Johann Pachelbel

Werke für Orgel und Cembalo

Verlag/Label: klanglogo KL1519 (2017)
erschienen in: organ 2018/02 , Seite 58

4 von 5 Pfeifen

Der vorzügliche, aus Budapest gebürtige Cembalist und Organist Márton Borsányi (geb. 1984), Absolvent der renommierten Schola Cantorum Basiliensis, legt mit seiner ersten Solo-CD einen Querschnitt durch das Tastenmusikwerk des berühmten Nürnberger Barockkomponisten Johann Pachelbel vor. Dies ist insofern besonderer Erwähnung wert, als Pachelbels Tastenmusik heute eher selten Gegenstand von Tonträger-Produktionen ist. Warum eigentlich?

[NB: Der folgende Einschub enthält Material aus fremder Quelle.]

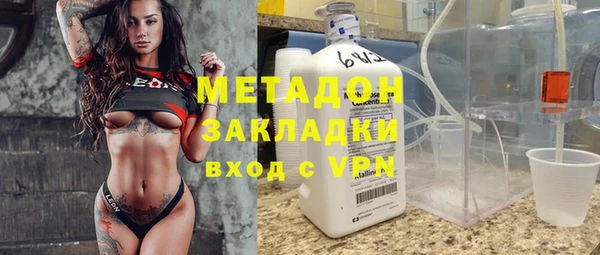 Альфа ПВП Абинск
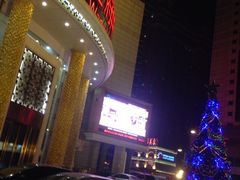 iphone_upload_pic-王府井百货(中州中路店)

Pachelbel zählt zu den bedeutenden Meistern des späten 17. Jahrhunderts, seine beruflichen und biografischen Lebensdaten lesen sich imposant (Nürnberg, Regensburg, Wien, Eisenach, Erfurt, Stuttgart, Gotha, wieder Erfurt) und die Qualität seines persönlichen kollegialen Freundeskreises kann sich gleichermaßen sehen lassen (Johann Chris­toph Bach, wahrscheinlich Johann Jakob Froberger, Dieterich Buxtehude und Ferdinand Tobias Richter aus Wien). Pachelbels künstlerisches Wirken umfasst alle gängigen Gattungen der Zeit: Kammermusik, Chorwerke für den festlichen liturgischen Gebrauch, (Choral-)Variationszyklen, freie Formen wie Toccaten und Fantasien und vieles mehr. Die Wertschätzung der Zeitgenossen (J. S. Bach!) war ihm sicher. Sollte Pachelbel heute also unterschätzt werden, so liegt es wohl kaum an der Qualität seiner Musik, eher an der – nicht immer sonderlich gerechten – Rezeptionspraxis.

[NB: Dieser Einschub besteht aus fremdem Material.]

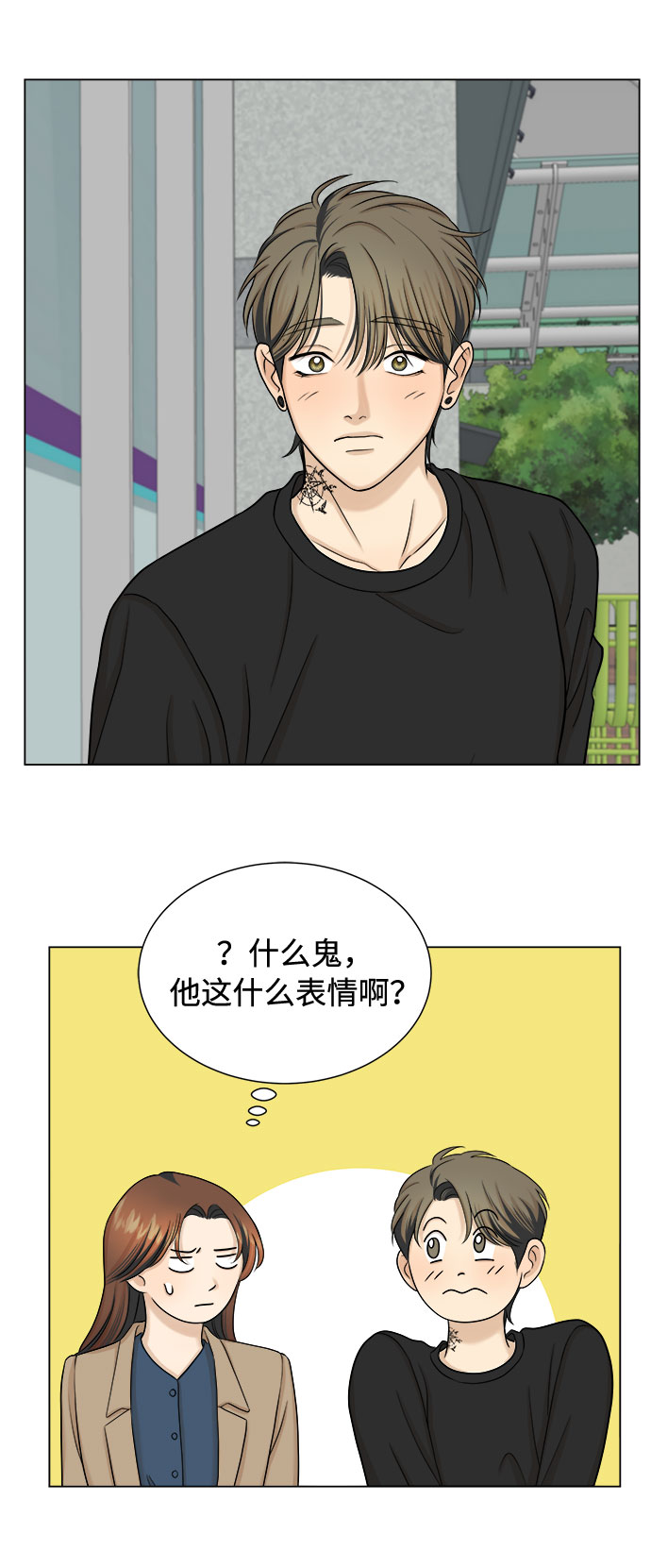 第22话9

Márton Borsányi ist es hier gelungen, eine überzeugende Lanze für die Pachelbel’sche Musik zu brechen. Er versteht es, die kompositorischen und musikalischen Qualitäten der eingespielten Werke deutlich und lebendig zu Tage treten zu lassen. Das eingesetzte Instrumentarium ist erstaunlich minimalis­tisch bis spartanisch: Eine klanglich überzeugende Kopie eines Couchet-Cembalos von 1679 und ein nach Mensuren des Nürnberger Orgelmachers Nicolaus Manderscheidt konzipiertes Orgelpositiv aus der Werkstätte von Peter Meier (Rhein­felden/Schweiz) unterstützen Borsanyis Darstellung in überzeugender Weise. Das Couchet-Cembalo besitzt – ähnlich gewissen süddeutschen Exemplaren – neben einem Vier-Fuß-Register nur einen Acht-Fuß-Saitenbezug, der durch verschiedene Registerrechen unterschiedliche Klänge zu erzeugen vermag; die Kleinorgel verfügt ausschließlich über sehr weich und charakteristisch klingende Holzpfeifen.

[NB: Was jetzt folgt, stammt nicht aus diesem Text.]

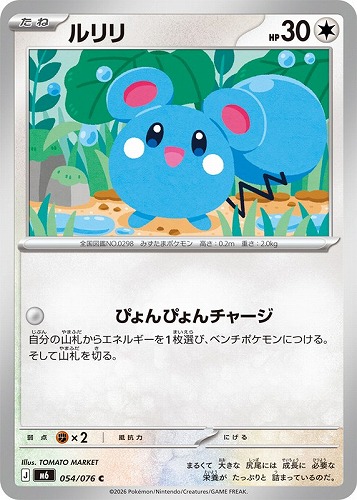 【ポケカ】Ｃ◇ルリリ プレイ用
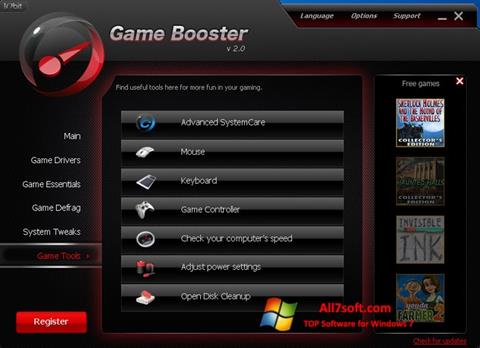 截圖 Game Booster Windows 7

Neben kluger und sensibler Artikulation gelingt es dem Interpreten, eine rhetorische „Klangrede“ in angemessener Ruhe und mit Überzeugungskraft zu kreieren. Ein „Schmankerl“ ist die Toccata in C (P 454), die von Borsanyi zweimal am Cembalo gespielt wird – einmal mit und einmal ohne Dämpfung. Das wohl bedeutendste Werk der Aufnahme, die Suite in e-Moll (P 436), wurde mit einer zweiten Courante vervollständigt, die gemäß der unklar überlieferten Quellenlage der Suite vielleicht sogar aus der Feder Frobergers stammt. Die angenehm natürlich klingende Aufnahme aus der Kirche Sankt Martin in Egerkingen (Schweiz) empfiehlt sich jedem geneigten Orgel- und Tastenmusikfreund, der sich gerne mit entsprechender Musik des späten 17. Jahrhunderts beschäftigt.